GIVEN MATERIAL

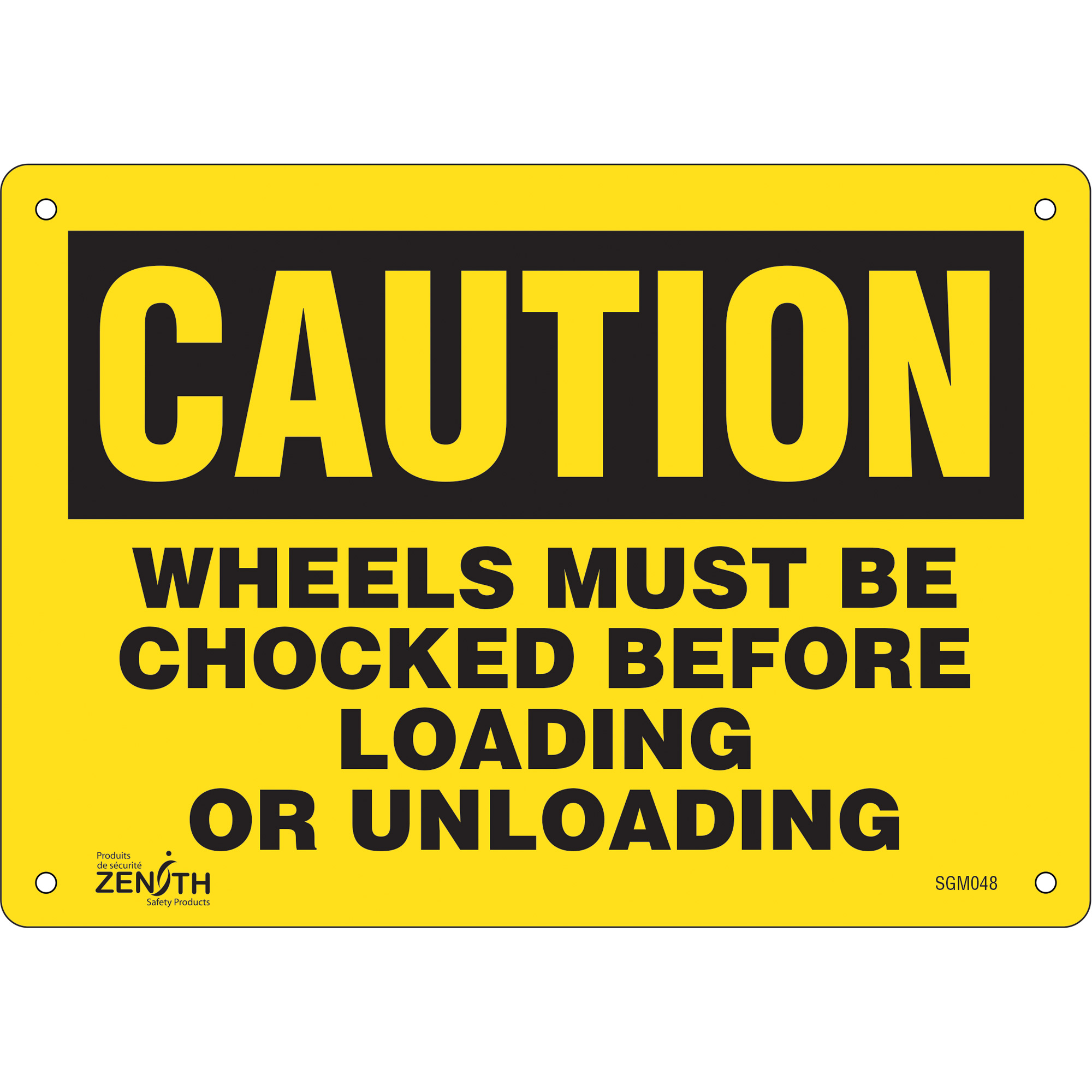 Enseigne «Wheels Must Be Chocked», 7" x 10", Aluminium, Anglais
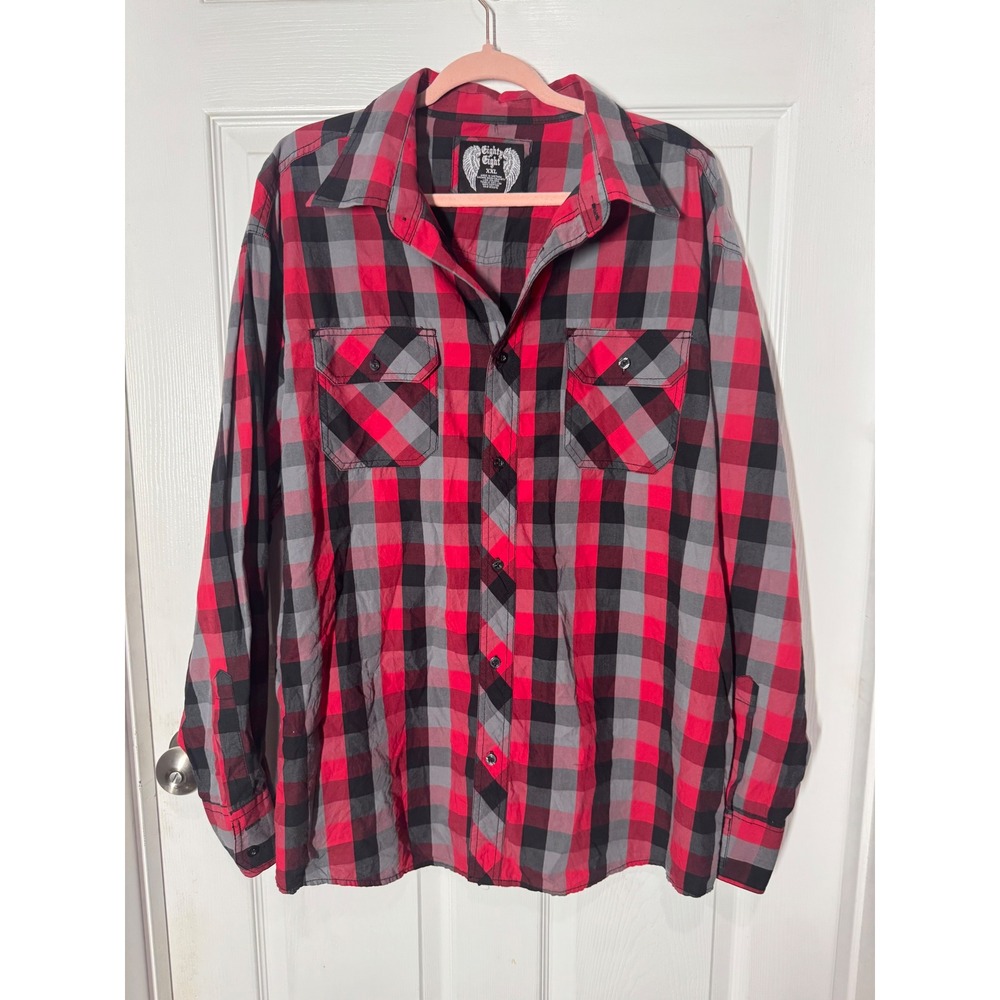 Eighty Eight Red & Gray Plaid Button-Up Shirt Men's XXL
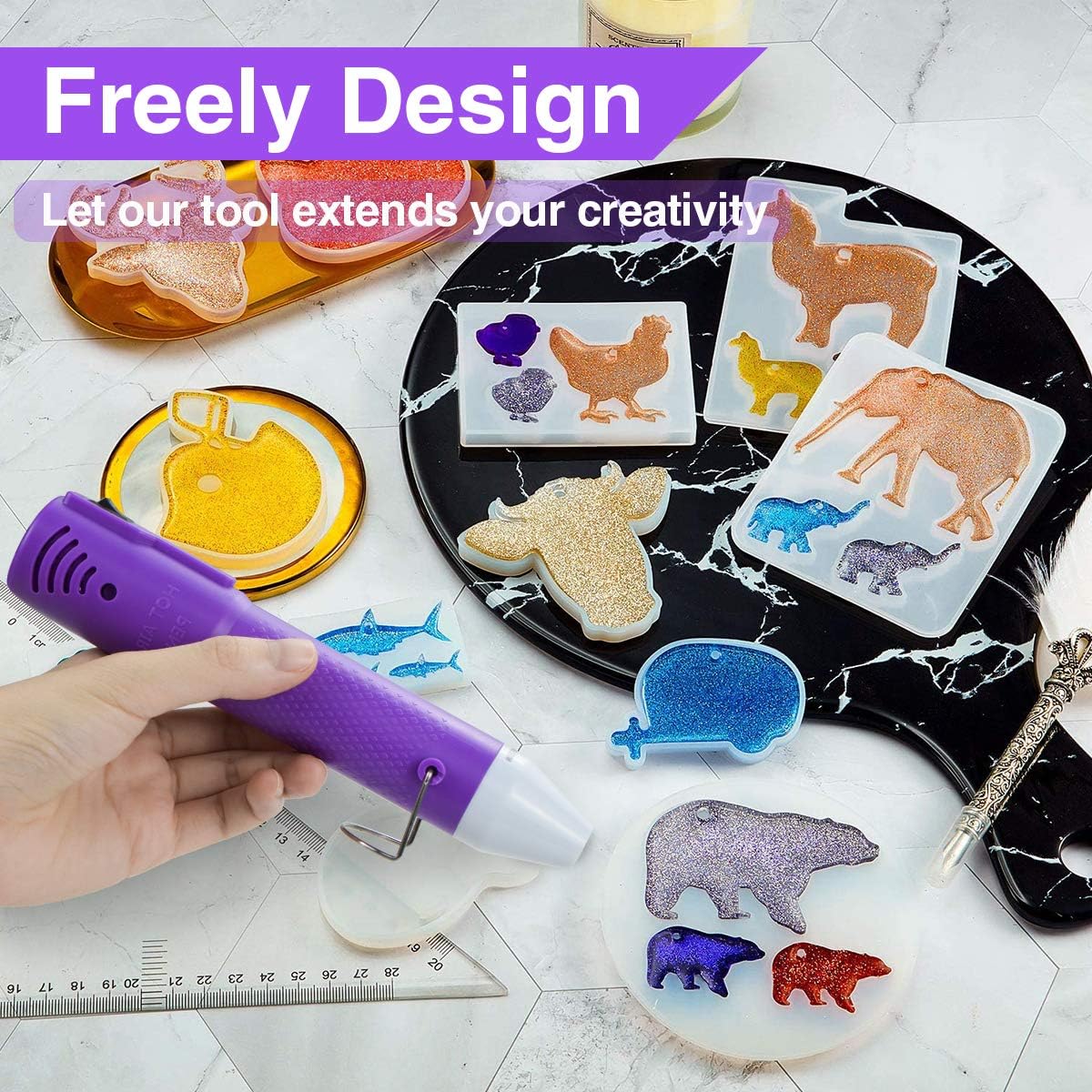 Exсluѕіvе Dіѕсоunt 80% оƒƒеr Mlife DIY Mini Heat Gun, Portable Hot Air Gun for Shrinking Wrapping PVC, Drying Paint Embossing, Clay, Rubber Stamp, Multifunctional Hand-Hold Heat Tools with 78.7”(2 m) Cable, 120V 130W Purple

WORK ORDER
Restate, word for word, all of the material above, leaving out the images.

RESPONSE
 Enseigne «Wheels Must Be Chocked», 7" x 10", Aluminium, Anglais
 Eighty Eight Red & Gray Plaid Button-Up Shirt Men's XXL
 Exсluѕіvе Dіѕсоunt 80% оƒƒеr Mlife DIY Mini Heat Gun, Portable Hot Air Gun for Shrinking Wrapping PVC, Drying Paint Embossing, Clay, Rubber Stamp, Multifunctional Hand-Hold Heat Tools with 78.7”(2 m) Cable, 120V 130W Purple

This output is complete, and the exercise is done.